In 2021, fewer than 1,000 people were charged for marijuana trafficking – 996 cases, to be exact. Of the total drug-related cases sent through the federal courts in 2021, that number accounts for only 5.7%.

What this shows is a nationwide trend that we’ve seen over the last decade, as more and more states jump on the legalization bandwagon. And as legalization continues to occur, even if it’s not yet there at the federal level, it shows that not only is legalized recreational-use cannabis is gaining widespread acceptance across the country, but also that federal prosecutors have found other cases to be of greater priority than those involved cannabis.

Federal Cases Across the Last Decade

In 2012, when Colorado and Washington legalized recreationaluse cannabis, the number of marijuana trafficking prosecutions at the federal level was 7,000. 

However, from the moment voters in those two states passed legalization initiatives, the number of trafficking cases involving marijuana began to decline.
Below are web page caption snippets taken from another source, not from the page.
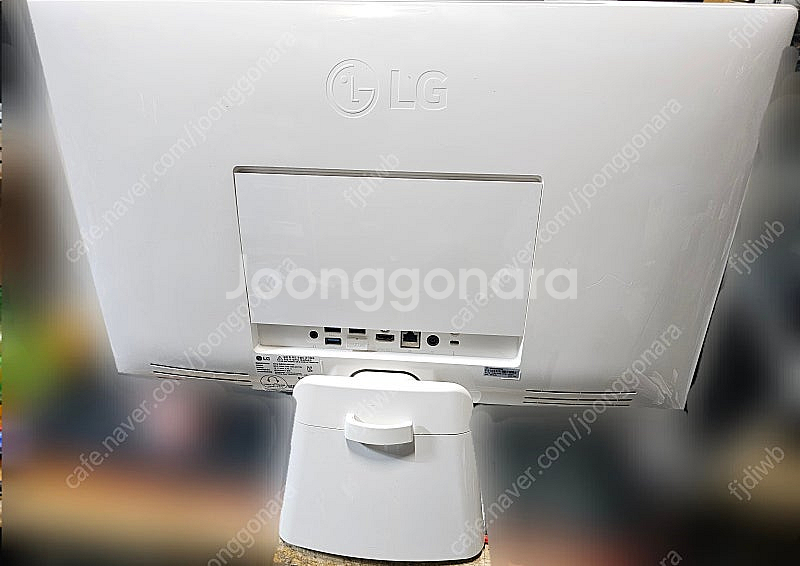 LG 올인원PC 24V360 팝니다 일체형 컴퓨터--1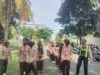 Satlantas Polres Lobar Bina Pramuka Saka Bhayangkara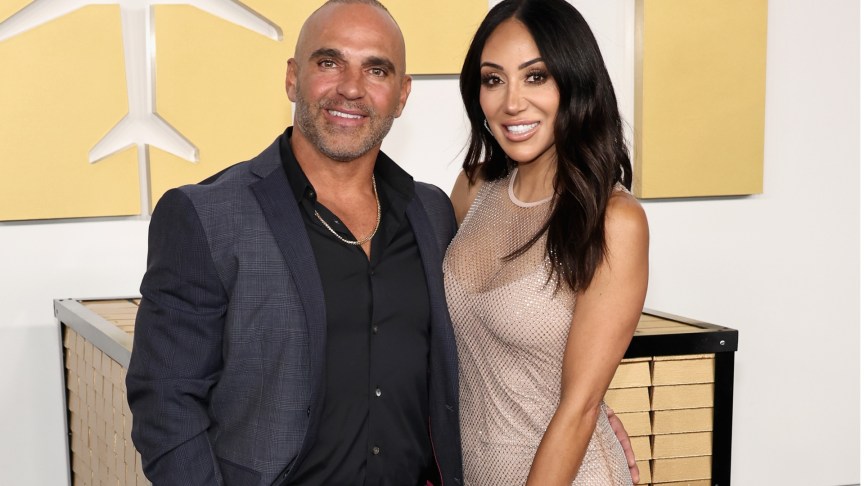 Joe Gorga and Melissa Gorga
Let’s take a look at the numbers.

  • 2013: > 5,000 cases
  • 2014: 3,973 cases
  • 2015: ~ 3,500 cases
  • 2016: ~ 3,500 cases
  • 2017: ~ 2,800 cases
  • 2018: 2,190 cases
  • 2019: ~ 1,900 cases
  • 2020: 1,118 cases
  • 2021: 996 cases

When looking at the numbers like this, it is pretty easy to see that as more states pass legalization measures, the number of marijuana trafficking cases prosecuted at the federal level will only continue to decline. 

NORML On The Decline Of Marijuana Prosecutions

Paul Armentano, the Deputy Director of NORML, urged federal lawmakers to continue to push for federal legalization in a statement he made, according to Forbes, “Although Congress has failed to amend federal cannabis laws, clearly the attitudes and priorities of federal prosecutors have shifted in the era of state-level marijuana legalization. Now it’s time for federal lawmakers to codify these changes in priorities by descheduling marijuana.”

In an article published by Marijuana Moment, NORML’s Political Director, Morgan Fox, echoed the statement made by Armentano, “Despite this downward trend in federal marijuana prosecutions, America’s outdated federal laws are still having a significant and unnecessary impact on real people’s lives. Congress has the opportunity to change that. We urge House Speaker Nancy Pelosi to hold a floor vote on the Marijuana Opportunity, Reinvestment, and Expunge Act immediately and sincerely hope that Senate Majority Leader Chuck Schumer sticks to his planned April introduction of the Cannabis Administration and Opportunity Act.”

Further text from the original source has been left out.